— Input records —
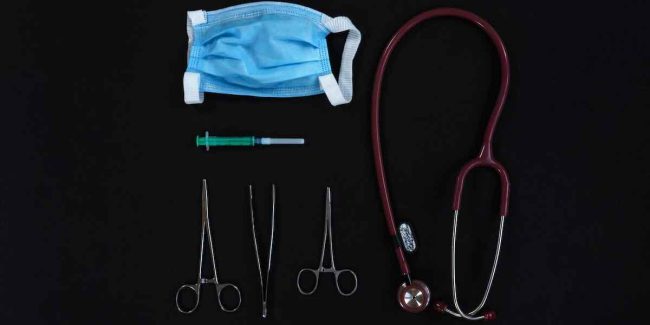 The best respirator mask for smoke and dust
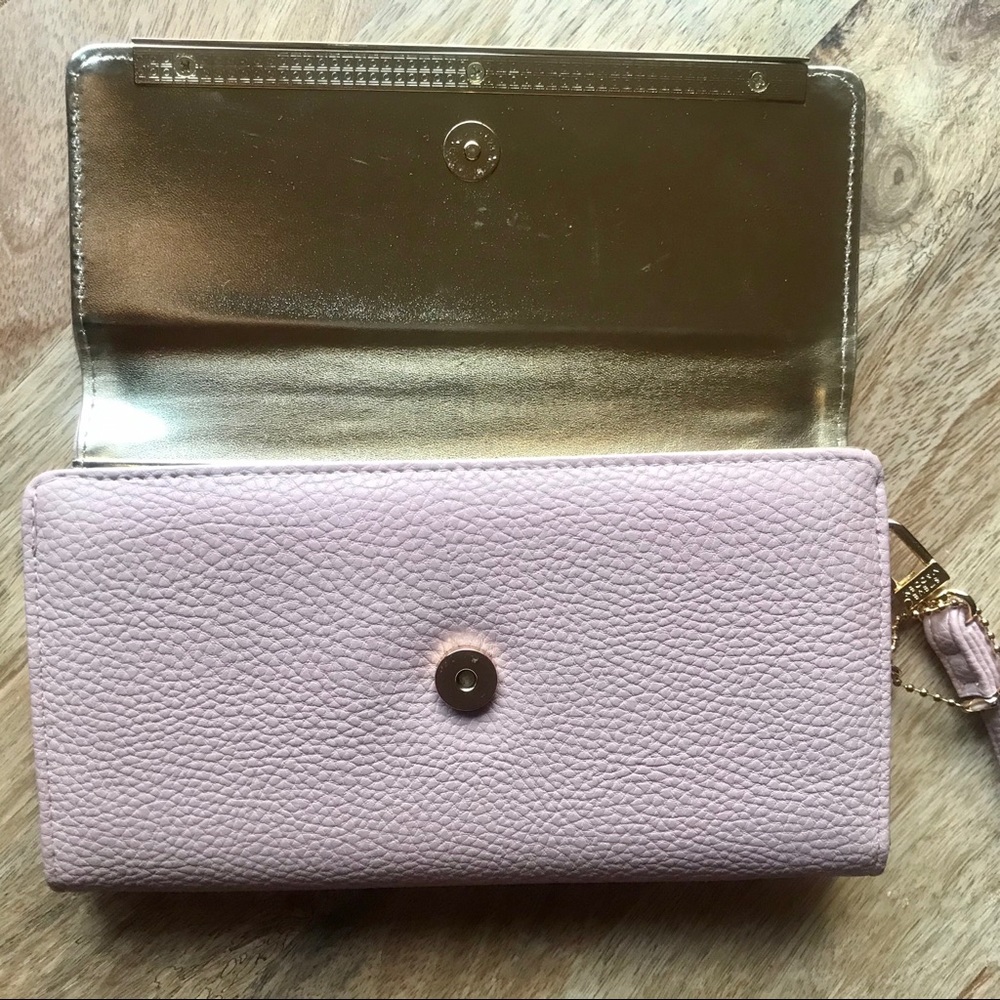 Steve Madden Wristlet - Picture 5 of 6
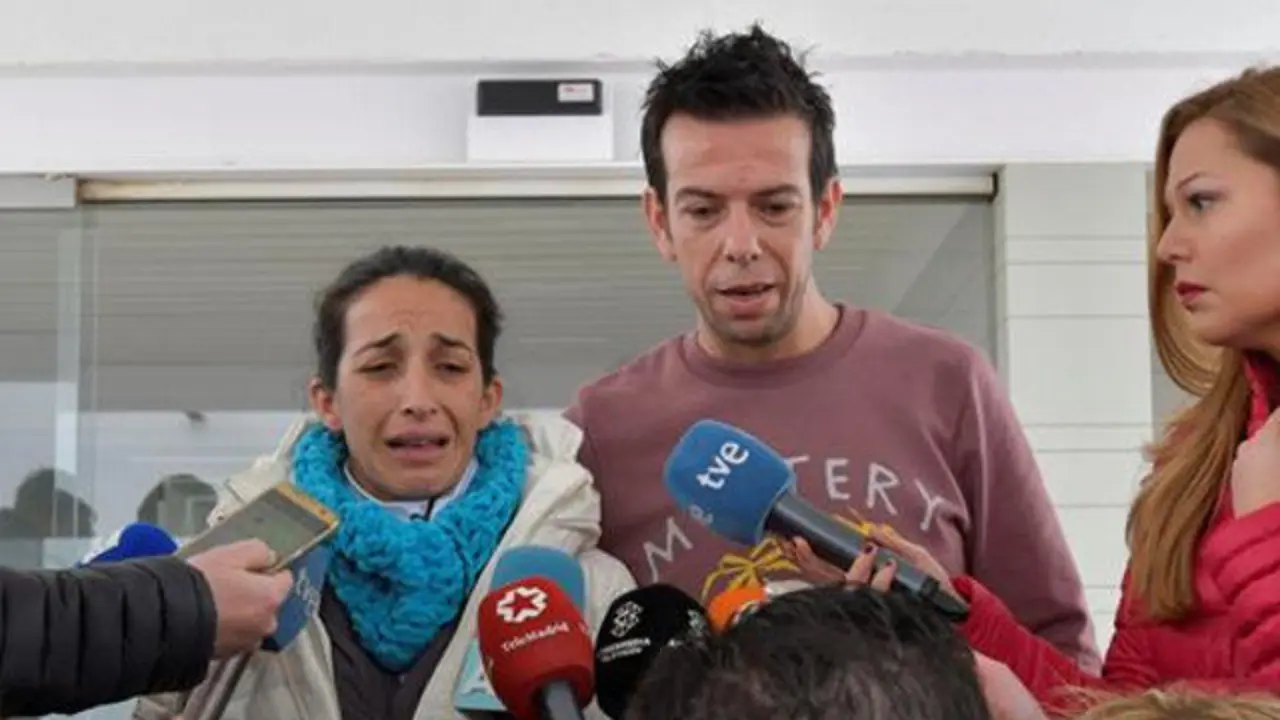 Los padres de Gabriel hablan con los medios. CARLOS BARBA (EFE)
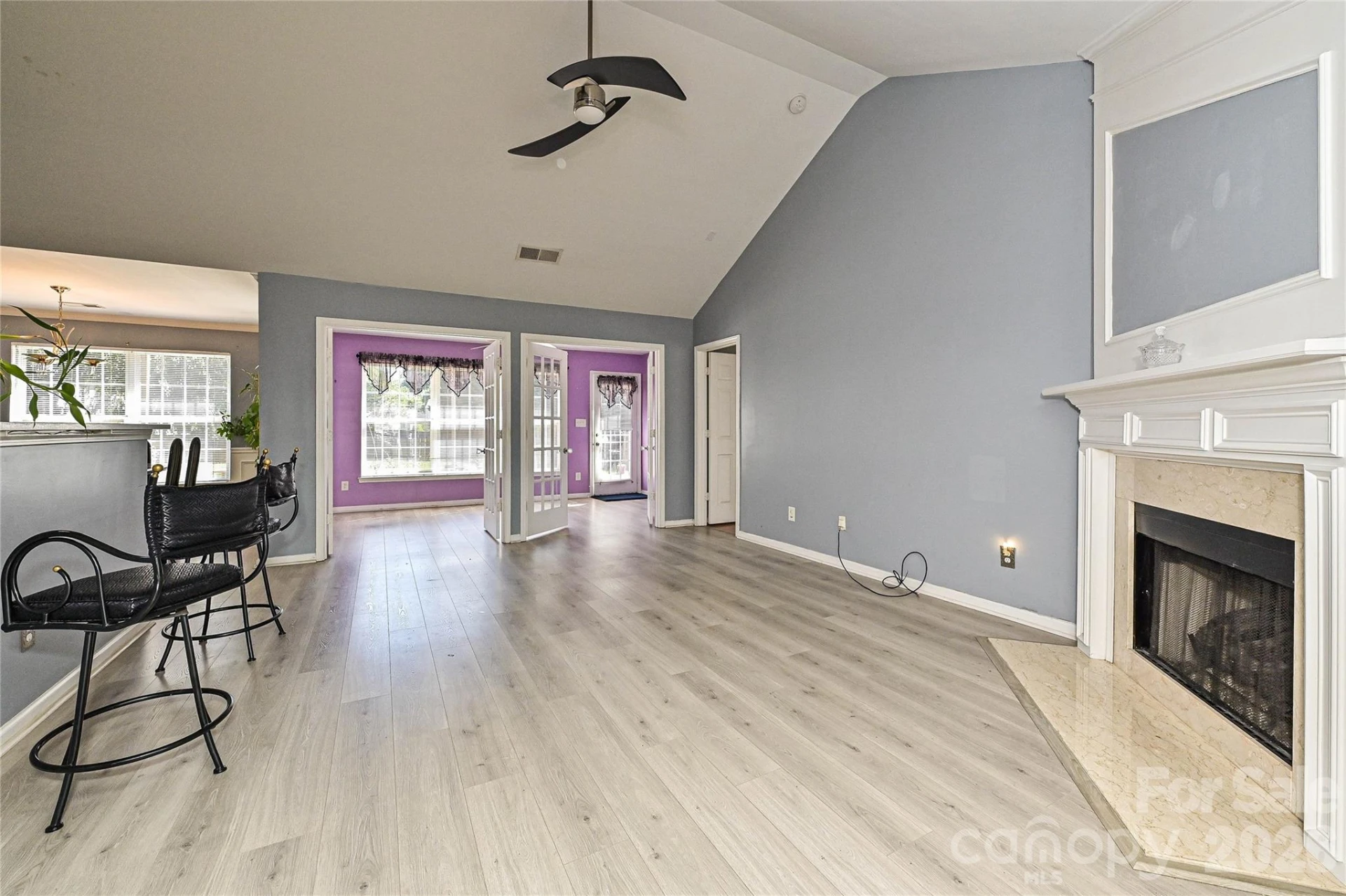 9942 Gray Dove Court - Photo 4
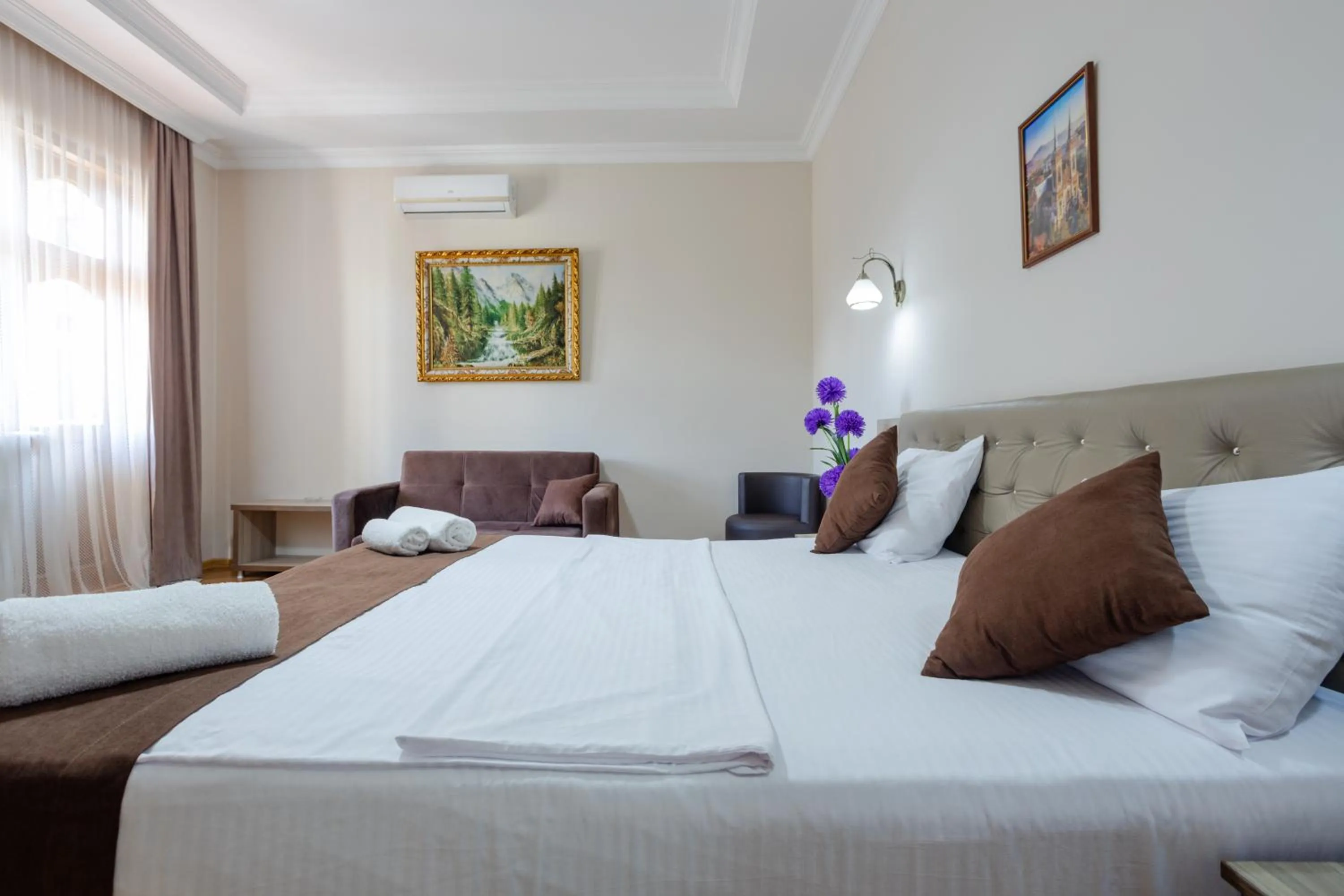 Bed in Daisi Sunset Hotel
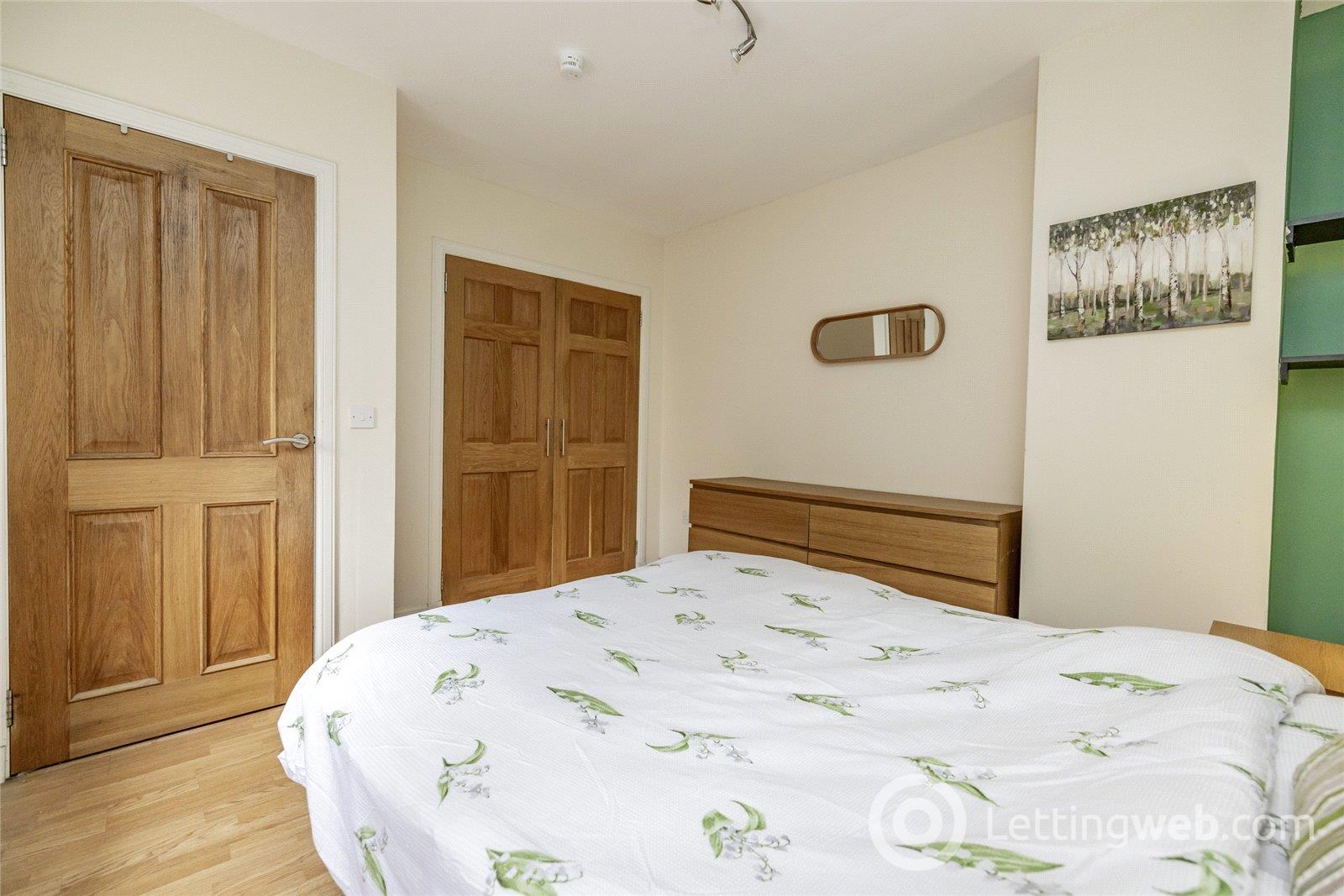 Property to rent in Great Northern Road, Aberdeen, AB24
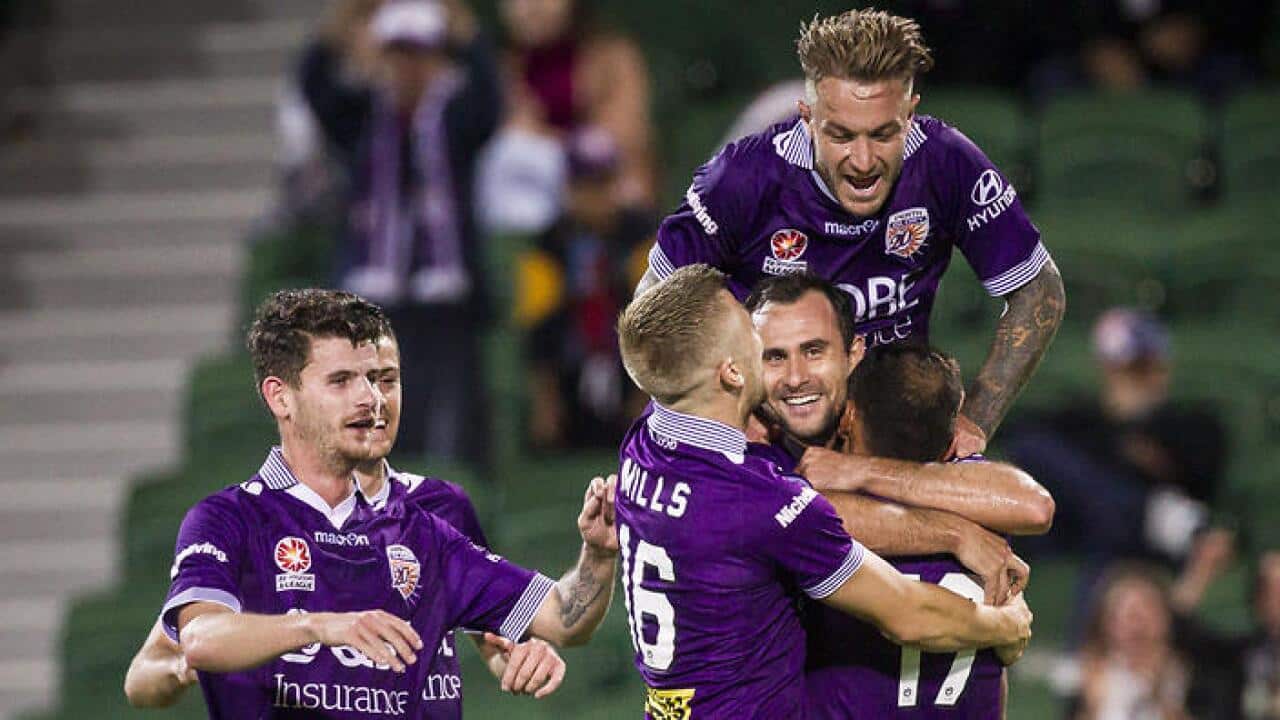 Glory celebrate a goal during the A-League match between the Perth Glory and the Brisbane Roar at nib Stadium in Perth, on Saturday, April 8, 2017. (AAP Image/Tony McDonough NO ARCHIVING, EDITORIAL USE ONLY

— Problem details —
Exact copy, no pictures: please print every record above as written.

— Your solution —
 The best respirator mask for smoke and dust
 Steve Madden Wristlet - Picture 5 of 6
 Los padres de Gabriel hablan con los medios. CARLOS BARBA (EFE)
 9942 Gray Dove Court - Photo 4
 Bed in Daisi Sunset Hotel
 Property to rent in Great Northern Road, Aberdeen, AB24
 Glory celebrate a goal during the A-League match between the Perth Glory and the Brisbane Roar at nib Stadium in Perth, on Saturday, April 8, 2017. (AAP Image/Tony McDonough NO ARCHIVING, EDITORIAL USE ONLY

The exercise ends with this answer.